Modelling catch sampling uncertainty in fisheries stock assessment : the Atlantic-Iberian sardine case

Abstract

The statistical assessment of harvested fish populations, such as the Atlantic-Iberian sardine (AIS) stock, needs to deal with uncertainties inherent in fisheries systems. Uncertainties arising from sampling errors and stochasticity in stock dynamics must be incorporated in stock assessment models so that management decisions are based on realistic evaluation of the uncertainty about the status of the stock. The main goal of this study is to develop a stock assessment framework that accounts for some of the uncertainties associated with the AIS stock that are currently not integrated into stock assessment models. In particular, it focuses on accounting for the uncertainty arising from the catch data sampling process. The central innovation the thesis is the development of a Bayesian integrated stock assessment (ISA) model, in which an observation model explicitly links stock dynamics parameters with statistical models for the various types of data observed from catches of the AIS stock. This allows for systematic and statistically consistent propagation of the uncertainty inherent in the catch sampling process across the whole stock assessment model, through to estimates of biomass and stock parameters. The method is tested by simulations and found to provide reliable and accurate estimates of stock parameters and associated uncertainty, while also outperforming existing designed-based and model-based estimation approaches.

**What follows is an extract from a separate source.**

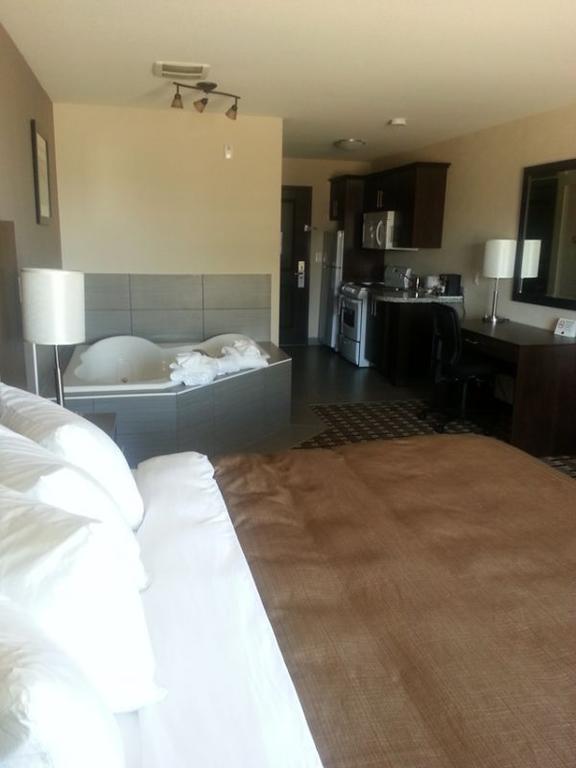 Western Star Inn & Suites Stoughton Dış mekan fotoğraf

The method is computationally very demanding and this is an obstacle to its adoption by fisheries bodies. Once this obstacle is overcame, the ISA modelling framework developed and presented in this thesis could provide an important contribution to the improvement in the evaluation of uncertainty in fisheries stock assessments, not only of the AIS stock, but of any other fish stock with similar data and dynamics structure. Furthermore, the models developed in this study establish a solid conceptual platform to allow future development of more complex models of fish population dynamics.